Personal information
- Full name: Ismael Ignacio Fuentes Castro
- Date of birth: 4 August 1981 (age 44)
- Place of birth: Villa Alegre, Chile
- Height: 1.82 m (5 ft 11+1⁄2 in)
- Position: Defender

Youth career
- Deportes Linares

Senior career*
- Years: Team / Apps / (Gls)
- 1999–2001: Deportes Linares /  / (1)
- 2001–2004: Rangers / 63 / (2)
- 2004: Colo-Colo / 18 / (0)
- 2005–2012: Chiapas / 175 / (5)
- 2009: → Atlas (loan) / 28 / (2)
- 2010: → Universidad Católica (loan) / 11 / (0)
- 2013: Correcaminos UAT / 4 / (0)
- 2013–2014: Deportes Antofagasta / 15 / (0)
- 2014–2015: Santos de Guápiles / 19 / (3)
- 2015–2016: Coquimbo Unido / 21 / (0)
- 2017: Rangers / 11 / (0)
- Total:  /  / (13)

International career
- 2001: Chile U20
- 2004–2010: Chile / 30 / (1)

= Ismael Fuentes =

Chilean footballer (born 1981)

Ismael Ignacio Fuentes Castro (born 4 August 1981) is a Chilean former footballer who played as centre back.

==Club career==
Fuentes made his debut with Deportes Linares in the Primera B de Chile and then he moved to Rangers in 2001.

==International career==
Fuentes represented Chile at under-20 level in the 2001 South American Championship.
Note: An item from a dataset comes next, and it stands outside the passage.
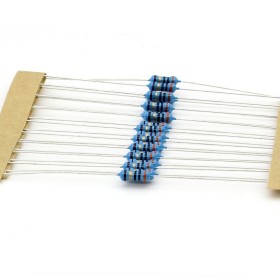 20x Résistances métal ¼W - 0.25w - 1% -  30ohm - 30R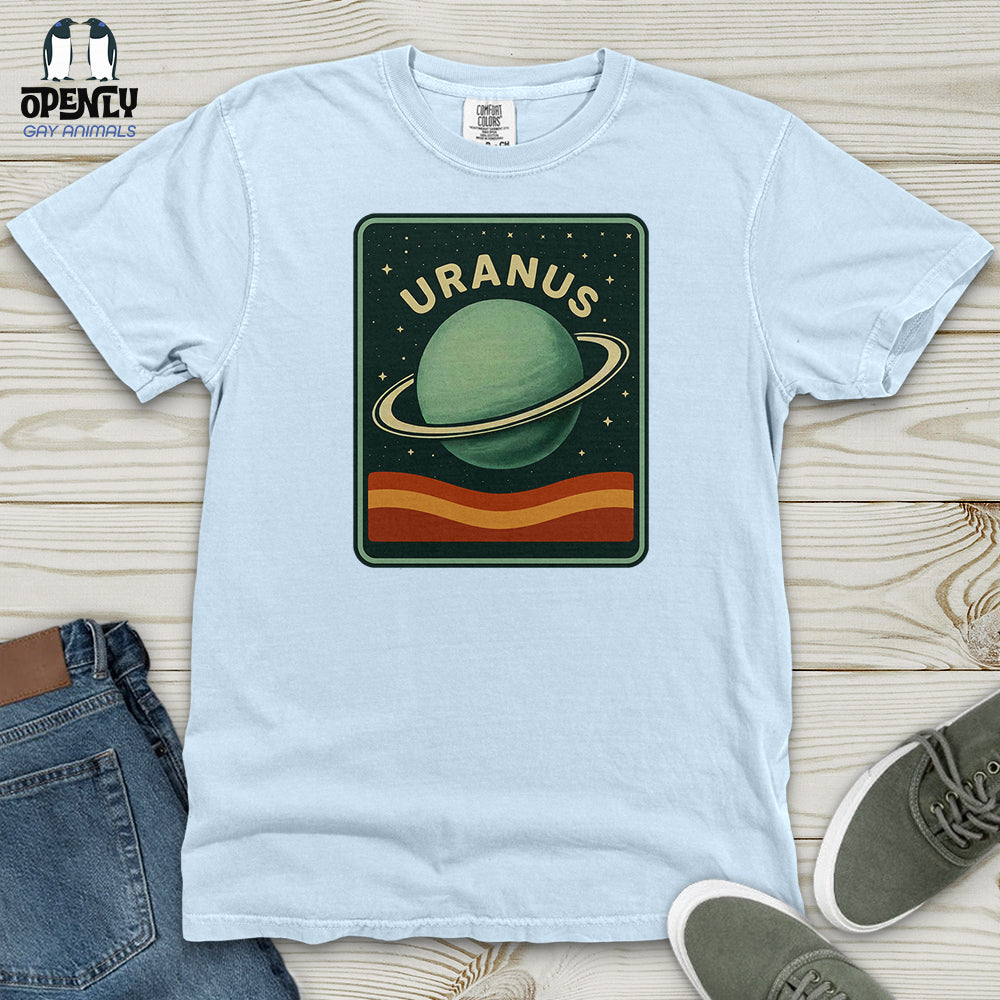 Uranus Heavy Cotton Comfort Colors Tee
At senior level, he made 30 appearances and scored one goal between 2004 and 2010.

===International goals===

| Goal | Date | Venue | Opponent | Score | Result | Competition |
|---|---|---|---|---|---|---|
| 1 | 10 September 2008 | Estadio Nacional, Santiago, Chile | Colombia | 3–0 | 4–0 | 2010 FIFA World Cup qualifier |

==Post-retirement==
Fuentes was elected a member of the Regional Council of Maule for the Linares Province in the 2024 Chilean regional elections supported by Independent Democratic Union.

In June 2025, Fuentes joined the Rodeo club Talca Norte to compete in the Asociación Talca Oriente.